Carlson would look for property with excellent water and good-quality soils. He believes the water may increase in value even if the land doesn’t.
“In the High Plains of Texas, in 10 to 20 years with possibly more water restrictions, farmers may be back to dryland farming,” Carlson says.
“Who knows what water will be worth by the time this land is passed down to my grandchildren? It’s possible it could be as valuable as oil.”
Measure the Returns
Clift Land Brokers has a big footprint when it comes to farm and ranch land, leaving George Clift with a broad perspective.
The broker says there are two regions he’d look to invest in today: the High Plains of Texas or the eastern areas of North Carolina, Georgia and Alabama.
In the High Plains, he’d focus on grain-deficit areas, where the commodity brings a premium over the Midwest. He says land here is a consistent producer, drawing from underground aquifers.
“Returns of farms in the High Plains will exceed that of other regions, but you have to understand it. Here it’s all about water and the regulation of water.”
Land prices in the High Plains can range from $750 to $6,000 an acre, depending on the water situation, he explains. But irrigated cropping means you control the variables. A typical irrigated corn crop will take 24 inches of water, and yields will consistently average 220 to 240 bushels per acre.
Looking east, Clift would want to buy land where you could take out trees and convert to row crops.
He expects yields on his investment would be 5 to 6% in the High Plains versus 3% in the Midwest, 4 to 5% in the Delta and 4 to 5% in the eastern states.
Invest in Only the Best
Pat Karst complains $5 million wouldn’t buy much these days, but that said, he’d definitely put it into farmland.
He says farmland has always done well in times of inflation, and since he expects to see inflation in the not-sodistant future, he thinks farmland prices will go even higher. The key, he says, is to focus on the best of the best.
“I’d be diversifying, buying something in the Midwest and something in a Delta state like Arkansas,” says the vice president of Halderman Real Estate, based in Wabash, Ind.
Karst likes diversity in his investment: geographic, crop and water. In the Delta region, he’d check on water quality and availability. He feels this is not as critical in the Midwest. Soil productivity would be his No. 1 criteria there.
“The way I look at it is that if land prices go down, the highest quality land will go down slower and rebound sooner and stronger. So buy the best—that’s my philosophy.”
Location Really Matters
For John Kurtz, a good land investment is all about location. The president of Kurtz Auction and Realty, in Owensburg, Ky., says he’d definitely focus on soil types and fertility when land shopping.
“Today a 1 to 2% change in anything is a large raw dollar figure, whether it’s inputs or yields,” he says. “So you’d want a property that would take out some of the variables.”

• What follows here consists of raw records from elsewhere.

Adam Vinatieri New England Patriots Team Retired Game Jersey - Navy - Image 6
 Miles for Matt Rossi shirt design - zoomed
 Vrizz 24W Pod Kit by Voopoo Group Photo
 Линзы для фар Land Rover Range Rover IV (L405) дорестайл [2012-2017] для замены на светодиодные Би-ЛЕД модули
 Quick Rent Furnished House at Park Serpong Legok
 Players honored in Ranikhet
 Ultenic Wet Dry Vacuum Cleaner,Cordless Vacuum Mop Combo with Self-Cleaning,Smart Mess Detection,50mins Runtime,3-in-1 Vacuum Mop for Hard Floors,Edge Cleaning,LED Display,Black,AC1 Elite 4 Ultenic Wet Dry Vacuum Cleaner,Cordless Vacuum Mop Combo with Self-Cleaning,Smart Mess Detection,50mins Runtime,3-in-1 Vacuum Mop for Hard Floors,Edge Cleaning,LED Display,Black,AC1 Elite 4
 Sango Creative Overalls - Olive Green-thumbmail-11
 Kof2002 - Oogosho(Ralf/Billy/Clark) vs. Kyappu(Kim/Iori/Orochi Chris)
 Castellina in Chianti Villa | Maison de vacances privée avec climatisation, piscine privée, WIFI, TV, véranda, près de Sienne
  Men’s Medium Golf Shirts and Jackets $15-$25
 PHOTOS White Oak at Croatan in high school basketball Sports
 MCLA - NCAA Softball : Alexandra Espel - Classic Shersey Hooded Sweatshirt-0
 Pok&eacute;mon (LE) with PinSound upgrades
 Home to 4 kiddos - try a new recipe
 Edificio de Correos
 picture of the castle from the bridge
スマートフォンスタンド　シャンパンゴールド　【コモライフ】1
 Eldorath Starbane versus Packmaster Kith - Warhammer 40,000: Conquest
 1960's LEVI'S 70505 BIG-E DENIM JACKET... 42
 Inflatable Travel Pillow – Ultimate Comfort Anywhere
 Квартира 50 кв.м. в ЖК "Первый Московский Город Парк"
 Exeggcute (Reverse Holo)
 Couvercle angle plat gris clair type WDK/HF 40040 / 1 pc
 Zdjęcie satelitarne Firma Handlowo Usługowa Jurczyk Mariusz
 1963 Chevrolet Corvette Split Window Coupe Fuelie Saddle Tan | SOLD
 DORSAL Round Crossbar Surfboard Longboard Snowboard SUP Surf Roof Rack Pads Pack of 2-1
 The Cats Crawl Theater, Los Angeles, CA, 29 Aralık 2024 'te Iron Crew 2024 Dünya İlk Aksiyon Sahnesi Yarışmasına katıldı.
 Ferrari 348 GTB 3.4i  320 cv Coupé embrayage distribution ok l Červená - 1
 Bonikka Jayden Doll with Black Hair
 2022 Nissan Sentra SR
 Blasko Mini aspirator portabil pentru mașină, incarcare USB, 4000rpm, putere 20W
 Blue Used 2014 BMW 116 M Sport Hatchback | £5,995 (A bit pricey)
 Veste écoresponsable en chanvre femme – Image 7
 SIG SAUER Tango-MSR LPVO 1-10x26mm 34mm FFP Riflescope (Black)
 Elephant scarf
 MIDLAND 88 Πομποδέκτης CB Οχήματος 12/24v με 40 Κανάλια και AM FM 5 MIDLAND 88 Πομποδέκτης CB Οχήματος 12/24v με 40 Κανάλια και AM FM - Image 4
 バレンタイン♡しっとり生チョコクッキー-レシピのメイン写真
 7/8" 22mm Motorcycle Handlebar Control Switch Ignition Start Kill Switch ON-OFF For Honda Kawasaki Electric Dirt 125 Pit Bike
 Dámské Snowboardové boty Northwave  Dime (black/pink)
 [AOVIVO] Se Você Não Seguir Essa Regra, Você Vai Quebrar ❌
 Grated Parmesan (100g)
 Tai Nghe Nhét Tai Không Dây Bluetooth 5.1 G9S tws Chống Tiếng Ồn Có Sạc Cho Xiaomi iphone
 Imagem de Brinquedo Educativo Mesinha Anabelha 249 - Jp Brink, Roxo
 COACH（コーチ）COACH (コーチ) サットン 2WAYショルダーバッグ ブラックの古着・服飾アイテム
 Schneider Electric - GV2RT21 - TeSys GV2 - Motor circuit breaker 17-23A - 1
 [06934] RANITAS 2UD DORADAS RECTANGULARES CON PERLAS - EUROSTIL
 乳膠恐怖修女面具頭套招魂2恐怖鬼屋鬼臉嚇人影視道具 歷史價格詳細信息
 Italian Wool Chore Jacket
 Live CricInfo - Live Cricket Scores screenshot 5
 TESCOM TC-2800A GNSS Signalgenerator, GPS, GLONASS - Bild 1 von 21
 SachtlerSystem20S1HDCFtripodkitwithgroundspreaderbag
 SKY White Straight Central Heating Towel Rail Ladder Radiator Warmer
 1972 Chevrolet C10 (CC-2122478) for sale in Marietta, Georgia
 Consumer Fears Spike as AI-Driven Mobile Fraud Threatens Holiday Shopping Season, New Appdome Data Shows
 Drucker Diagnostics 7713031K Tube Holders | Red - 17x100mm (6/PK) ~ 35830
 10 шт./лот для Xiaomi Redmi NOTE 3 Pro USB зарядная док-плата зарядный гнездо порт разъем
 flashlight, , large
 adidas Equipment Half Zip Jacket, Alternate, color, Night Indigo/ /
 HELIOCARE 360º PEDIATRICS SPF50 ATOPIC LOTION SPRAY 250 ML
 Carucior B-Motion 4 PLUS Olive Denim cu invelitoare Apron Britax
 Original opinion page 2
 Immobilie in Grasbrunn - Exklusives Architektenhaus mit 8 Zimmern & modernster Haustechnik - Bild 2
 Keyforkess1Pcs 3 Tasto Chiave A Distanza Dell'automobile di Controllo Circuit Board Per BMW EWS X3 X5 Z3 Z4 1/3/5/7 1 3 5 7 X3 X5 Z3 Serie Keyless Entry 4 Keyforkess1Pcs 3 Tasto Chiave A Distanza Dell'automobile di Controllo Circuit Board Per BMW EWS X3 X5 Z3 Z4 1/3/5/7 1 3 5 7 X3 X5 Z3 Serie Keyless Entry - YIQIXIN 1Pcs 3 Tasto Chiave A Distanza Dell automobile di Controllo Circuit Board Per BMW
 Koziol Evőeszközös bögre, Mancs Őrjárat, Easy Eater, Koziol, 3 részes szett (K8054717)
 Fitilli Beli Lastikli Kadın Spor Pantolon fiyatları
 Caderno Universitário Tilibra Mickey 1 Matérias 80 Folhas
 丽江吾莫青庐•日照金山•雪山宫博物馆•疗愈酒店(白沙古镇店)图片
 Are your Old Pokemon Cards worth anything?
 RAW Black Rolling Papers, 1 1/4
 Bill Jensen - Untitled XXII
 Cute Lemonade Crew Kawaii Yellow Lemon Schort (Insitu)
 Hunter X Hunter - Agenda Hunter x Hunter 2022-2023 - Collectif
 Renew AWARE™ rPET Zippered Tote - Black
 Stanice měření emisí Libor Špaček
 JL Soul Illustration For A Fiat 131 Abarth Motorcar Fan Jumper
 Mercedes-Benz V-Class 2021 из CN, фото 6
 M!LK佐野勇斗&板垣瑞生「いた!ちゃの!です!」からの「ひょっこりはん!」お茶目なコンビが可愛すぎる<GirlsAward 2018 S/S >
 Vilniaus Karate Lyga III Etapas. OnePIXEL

He’d look for “pockets of value” where he could get a 6% return. He’d probably focus in the less traditional grain-belt areas, places like Arkansas, Tennessee, Kentucky and Missouri. He’d consider looking in Indiana and Illinois to try to find a bargain.
Kurtz believes there are some good buys in recreational land now, as well as in wetlands. He stresses today’s market requires the buyer to thoroughly research and understand the area in which he plans to invest, understanding that everything is not necessarily going to increase dramatically from one year to the next.
A History of Success
Kevin Pifer would only consider buying farmland in today’s market if the purchase price were what he calls “reasonable.” He’d focus on southeastern North Dakota.
He would want acreage with a history of success. That means proven soils and a strong cropping history of aboveaverage yields for both corn and soybeans.
Pifer is a former North Dakota deputy commissioner of agriculture and has worked extensively in the finance industry. His company, Pifer’s Auction and Realty, has offices in Moorehead, Minn.